No one had uttered another
syllable; but what we were all thinking was plainly discernible on our
faces. Ten years ago, Bell had been
ascendant in the company hierarchy. It
seemed only a matter of time before he rose to president, an idea that troubled
many of the experienced employees. But
then he met his nemesis, and his descent had been far swifter than his rise.
Only the Nabokovian and I knew the details of his
tumultuous collapse and the how much its reverberations shook the firm. The three young colleagues eating with us
knew little of Bell, besides the obvious psychological debacle his daily attire
suggested. While we were silenced by his
looming presence, an image of a man striding aggressively down a corridor, on
his head a tight fitting knit cap, broke across my mind. I had thought I had managed to banish to the
deepest caverns of memory that image, but here again it surfaced. Just then an odor of fermented putrescence pervaded
our space, and one of the younger colleagues yelped, “Jesus Christ! What the hell is that?”

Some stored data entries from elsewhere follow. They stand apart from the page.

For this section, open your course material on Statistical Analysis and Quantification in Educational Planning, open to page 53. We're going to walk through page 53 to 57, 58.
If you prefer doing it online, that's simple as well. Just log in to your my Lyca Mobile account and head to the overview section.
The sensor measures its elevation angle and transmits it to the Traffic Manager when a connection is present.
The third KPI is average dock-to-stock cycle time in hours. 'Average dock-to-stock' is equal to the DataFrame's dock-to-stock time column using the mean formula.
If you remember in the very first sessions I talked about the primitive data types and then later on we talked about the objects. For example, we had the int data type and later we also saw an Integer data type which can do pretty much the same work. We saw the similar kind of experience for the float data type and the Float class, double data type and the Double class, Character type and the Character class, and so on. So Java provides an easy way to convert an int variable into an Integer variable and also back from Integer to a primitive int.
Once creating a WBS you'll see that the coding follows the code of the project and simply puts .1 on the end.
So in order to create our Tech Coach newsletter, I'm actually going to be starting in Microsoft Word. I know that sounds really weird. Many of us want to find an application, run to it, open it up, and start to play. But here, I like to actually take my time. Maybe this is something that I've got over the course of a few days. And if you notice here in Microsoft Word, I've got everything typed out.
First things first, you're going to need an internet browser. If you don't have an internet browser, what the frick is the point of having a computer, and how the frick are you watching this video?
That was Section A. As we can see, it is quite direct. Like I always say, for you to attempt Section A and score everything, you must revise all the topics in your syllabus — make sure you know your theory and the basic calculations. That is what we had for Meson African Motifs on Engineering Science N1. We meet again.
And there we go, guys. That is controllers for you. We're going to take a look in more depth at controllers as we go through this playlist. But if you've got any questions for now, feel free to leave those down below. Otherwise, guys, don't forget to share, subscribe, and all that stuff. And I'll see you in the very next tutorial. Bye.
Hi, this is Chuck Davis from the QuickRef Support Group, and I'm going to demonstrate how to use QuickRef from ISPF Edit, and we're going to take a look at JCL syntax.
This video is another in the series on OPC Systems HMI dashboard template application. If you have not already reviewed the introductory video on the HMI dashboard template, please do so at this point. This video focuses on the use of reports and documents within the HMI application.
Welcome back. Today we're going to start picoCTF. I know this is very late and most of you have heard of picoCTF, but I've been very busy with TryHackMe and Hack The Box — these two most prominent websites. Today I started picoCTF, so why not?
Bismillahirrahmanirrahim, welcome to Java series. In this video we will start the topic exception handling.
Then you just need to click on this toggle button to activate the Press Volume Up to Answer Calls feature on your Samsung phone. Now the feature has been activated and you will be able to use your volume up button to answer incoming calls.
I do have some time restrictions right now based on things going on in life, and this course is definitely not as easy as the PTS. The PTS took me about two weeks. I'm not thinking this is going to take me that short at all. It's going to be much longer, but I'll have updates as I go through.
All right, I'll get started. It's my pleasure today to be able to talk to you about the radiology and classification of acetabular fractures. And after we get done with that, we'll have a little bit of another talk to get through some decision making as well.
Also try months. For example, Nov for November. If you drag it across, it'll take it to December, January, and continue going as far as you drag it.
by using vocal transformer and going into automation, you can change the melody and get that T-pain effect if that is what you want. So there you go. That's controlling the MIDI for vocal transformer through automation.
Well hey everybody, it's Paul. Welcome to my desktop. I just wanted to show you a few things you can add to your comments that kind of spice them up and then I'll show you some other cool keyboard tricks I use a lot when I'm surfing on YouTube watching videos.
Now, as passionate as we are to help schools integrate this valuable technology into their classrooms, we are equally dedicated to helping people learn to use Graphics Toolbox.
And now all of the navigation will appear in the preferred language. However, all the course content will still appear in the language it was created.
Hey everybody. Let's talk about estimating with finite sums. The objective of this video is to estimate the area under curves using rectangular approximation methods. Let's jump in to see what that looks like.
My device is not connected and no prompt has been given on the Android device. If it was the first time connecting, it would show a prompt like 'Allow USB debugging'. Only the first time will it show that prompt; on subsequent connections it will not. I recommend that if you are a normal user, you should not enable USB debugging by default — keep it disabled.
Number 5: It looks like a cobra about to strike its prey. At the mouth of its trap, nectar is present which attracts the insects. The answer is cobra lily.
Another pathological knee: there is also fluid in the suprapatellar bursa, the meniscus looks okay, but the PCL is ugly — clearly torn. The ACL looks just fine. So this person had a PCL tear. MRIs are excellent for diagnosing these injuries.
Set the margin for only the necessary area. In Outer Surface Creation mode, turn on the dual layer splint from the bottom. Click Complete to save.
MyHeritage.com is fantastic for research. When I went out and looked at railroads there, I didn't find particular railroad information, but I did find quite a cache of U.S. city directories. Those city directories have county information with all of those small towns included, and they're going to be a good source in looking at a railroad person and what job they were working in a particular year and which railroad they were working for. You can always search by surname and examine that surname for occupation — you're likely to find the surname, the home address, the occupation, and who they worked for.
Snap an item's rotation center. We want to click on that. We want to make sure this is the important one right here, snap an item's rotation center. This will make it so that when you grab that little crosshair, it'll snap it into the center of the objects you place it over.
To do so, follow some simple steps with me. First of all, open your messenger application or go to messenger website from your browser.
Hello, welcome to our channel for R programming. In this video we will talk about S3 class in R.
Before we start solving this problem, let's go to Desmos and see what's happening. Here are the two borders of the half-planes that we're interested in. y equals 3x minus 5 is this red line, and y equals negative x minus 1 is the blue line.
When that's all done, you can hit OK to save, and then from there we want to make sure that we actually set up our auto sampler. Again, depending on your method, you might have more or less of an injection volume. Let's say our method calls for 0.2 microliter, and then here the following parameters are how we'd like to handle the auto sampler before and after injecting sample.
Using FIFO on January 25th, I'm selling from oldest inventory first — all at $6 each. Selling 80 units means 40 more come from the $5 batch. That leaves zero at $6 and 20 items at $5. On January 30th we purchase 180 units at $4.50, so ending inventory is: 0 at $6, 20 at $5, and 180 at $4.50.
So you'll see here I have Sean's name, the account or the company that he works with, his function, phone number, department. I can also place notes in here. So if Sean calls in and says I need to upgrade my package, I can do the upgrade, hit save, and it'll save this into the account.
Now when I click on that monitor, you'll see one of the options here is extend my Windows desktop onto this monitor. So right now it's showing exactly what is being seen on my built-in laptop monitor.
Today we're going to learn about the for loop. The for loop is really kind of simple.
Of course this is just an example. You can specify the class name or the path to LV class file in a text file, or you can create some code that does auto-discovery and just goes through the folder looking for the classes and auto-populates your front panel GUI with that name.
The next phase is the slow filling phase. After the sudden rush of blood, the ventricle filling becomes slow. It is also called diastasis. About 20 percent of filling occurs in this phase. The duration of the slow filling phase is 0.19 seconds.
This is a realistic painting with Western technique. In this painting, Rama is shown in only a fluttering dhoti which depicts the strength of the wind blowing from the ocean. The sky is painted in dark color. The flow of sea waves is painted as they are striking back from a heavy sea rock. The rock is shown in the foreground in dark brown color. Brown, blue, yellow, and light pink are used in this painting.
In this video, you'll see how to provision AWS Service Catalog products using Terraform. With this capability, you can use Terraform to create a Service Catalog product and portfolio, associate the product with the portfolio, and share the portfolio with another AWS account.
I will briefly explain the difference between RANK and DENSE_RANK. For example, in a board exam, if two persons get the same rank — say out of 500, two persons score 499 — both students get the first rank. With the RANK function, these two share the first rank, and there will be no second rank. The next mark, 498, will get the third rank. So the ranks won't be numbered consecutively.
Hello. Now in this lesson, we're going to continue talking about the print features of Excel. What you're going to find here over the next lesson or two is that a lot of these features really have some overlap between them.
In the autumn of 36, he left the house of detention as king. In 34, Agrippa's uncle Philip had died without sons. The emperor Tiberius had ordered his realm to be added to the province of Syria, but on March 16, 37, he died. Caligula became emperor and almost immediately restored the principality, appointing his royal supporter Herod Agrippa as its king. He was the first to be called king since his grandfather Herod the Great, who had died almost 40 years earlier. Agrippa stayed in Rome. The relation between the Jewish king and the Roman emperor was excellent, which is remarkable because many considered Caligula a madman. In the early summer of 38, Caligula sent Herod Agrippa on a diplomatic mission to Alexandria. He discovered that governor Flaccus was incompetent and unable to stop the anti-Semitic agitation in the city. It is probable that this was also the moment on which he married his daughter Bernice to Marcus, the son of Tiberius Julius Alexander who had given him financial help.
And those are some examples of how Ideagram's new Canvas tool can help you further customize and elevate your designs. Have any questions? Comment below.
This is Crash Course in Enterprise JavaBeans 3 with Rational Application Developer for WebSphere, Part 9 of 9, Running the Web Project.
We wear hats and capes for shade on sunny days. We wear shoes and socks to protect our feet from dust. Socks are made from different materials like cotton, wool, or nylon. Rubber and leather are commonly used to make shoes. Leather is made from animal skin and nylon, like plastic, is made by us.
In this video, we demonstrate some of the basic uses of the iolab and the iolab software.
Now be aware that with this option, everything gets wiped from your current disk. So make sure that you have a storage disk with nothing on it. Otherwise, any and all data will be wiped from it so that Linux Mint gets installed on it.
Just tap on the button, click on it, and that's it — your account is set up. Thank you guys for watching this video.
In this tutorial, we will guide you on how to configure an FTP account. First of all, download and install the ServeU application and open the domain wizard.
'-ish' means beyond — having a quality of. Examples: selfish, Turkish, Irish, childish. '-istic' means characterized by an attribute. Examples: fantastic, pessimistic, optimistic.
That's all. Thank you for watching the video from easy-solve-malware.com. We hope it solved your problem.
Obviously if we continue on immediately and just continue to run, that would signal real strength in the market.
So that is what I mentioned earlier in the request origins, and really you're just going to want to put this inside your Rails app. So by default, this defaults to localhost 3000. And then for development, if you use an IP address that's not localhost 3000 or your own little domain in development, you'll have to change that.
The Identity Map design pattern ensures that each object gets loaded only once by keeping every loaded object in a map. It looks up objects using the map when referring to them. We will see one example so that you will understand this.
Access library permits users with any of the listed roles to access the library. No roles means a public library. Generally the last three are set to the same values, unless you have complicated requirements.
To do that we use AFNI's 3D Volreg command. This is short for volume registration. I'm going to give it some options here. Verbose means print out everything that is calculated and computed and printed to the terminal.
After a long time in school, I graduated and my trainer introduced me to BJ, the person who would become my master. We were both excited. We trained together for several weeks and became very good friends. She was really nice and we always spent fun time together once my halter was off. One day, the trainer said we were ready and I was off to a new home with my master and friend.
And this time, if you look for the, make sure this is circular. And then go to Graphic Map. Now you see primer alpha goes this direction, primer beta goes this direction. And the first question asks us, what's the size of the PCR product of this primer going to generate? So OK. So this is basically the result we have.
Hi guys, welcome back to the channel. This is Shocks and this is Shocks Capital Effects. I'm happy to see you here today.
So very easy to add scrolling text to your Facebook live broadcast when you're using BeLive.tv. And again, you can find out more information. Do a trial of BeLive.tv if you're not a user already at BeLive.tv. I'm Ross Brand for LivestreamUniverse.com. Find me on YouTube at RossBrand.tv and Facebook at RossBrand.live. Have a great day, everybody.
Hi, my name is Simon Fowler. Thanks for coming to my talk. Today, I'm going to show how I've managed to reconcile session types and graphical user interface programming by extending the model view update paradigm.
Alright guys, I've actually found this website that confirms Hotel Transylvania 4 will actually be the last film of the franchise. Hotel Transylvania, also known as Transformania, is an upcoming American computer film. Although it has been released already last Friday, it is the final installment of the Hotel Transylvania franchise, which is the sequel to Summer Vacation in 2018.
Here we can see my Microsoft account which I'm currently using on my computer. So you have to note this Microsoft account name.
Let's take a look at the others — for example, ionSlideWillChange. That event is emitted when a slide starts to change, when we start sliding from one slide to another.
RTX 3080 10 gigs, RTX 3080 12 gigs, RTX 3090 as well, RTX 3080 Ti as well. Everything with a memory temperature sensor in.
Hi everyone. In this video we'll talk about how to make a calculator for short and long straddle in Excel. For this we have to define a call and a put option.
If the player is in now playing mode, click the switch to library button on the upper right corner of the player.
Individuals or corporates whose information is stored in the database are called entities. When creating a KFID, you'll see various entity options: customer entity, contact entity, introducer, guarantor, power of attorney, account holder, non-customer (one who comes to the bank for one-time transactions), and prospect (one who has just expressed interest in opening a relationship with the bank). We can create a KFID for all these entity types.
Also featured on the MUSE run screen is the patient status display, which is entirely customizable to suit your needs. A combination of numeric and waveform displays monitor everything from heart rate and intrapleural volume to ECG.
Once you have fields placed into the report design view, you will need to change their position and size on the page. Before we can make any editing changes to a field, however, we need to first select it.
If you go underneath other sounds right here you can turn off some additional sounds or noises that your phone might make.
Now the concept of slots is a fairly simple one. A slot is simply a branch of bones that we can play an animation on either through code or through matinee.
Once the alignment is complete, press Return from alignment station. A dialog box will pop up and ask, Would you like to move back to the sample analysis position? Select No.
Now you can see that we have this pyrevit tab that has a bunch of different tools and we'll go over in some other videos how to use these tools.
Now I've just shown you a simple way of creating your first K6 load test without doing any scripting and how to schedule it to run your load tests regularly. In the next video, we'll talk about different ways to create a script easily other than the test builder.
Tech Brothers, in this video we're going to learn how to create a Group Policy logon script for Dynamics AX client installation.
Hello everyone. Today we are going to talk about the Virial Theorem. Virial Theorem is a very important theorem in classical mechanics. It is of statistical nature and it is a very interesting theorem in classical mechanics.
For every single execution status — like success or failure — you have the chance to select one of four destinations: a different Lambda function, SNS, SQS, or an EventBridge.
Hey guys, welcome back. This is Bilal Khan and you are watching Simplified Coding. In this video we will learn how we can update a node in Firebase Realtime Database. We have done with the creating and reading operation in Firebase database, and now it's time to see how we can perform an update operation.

Simultaneously smote by an infernal stench, we all
sprang to our feet, and hurried to the door.
None of us stopped moving till we reached the main building exit and
zipped through those doors desperate to breathe again. Once outside, we gasped, cough, and choked
away the stench that had infected our nostrils.
After a minute, Nabokov screamed, “What the hell is the matter with that
man?” We all knew what she meant. Two or three times in the past Dr. Jonathan Bell had managed to evacuate his own department by exposing them to his carrion
cuisine. Our three young colleagues had
heard about these incidents, but this was their first exposure. Seeing their
disbelief and fear, Nabokov said she would tell them all about this man, once
the air in our office became safe for us to return.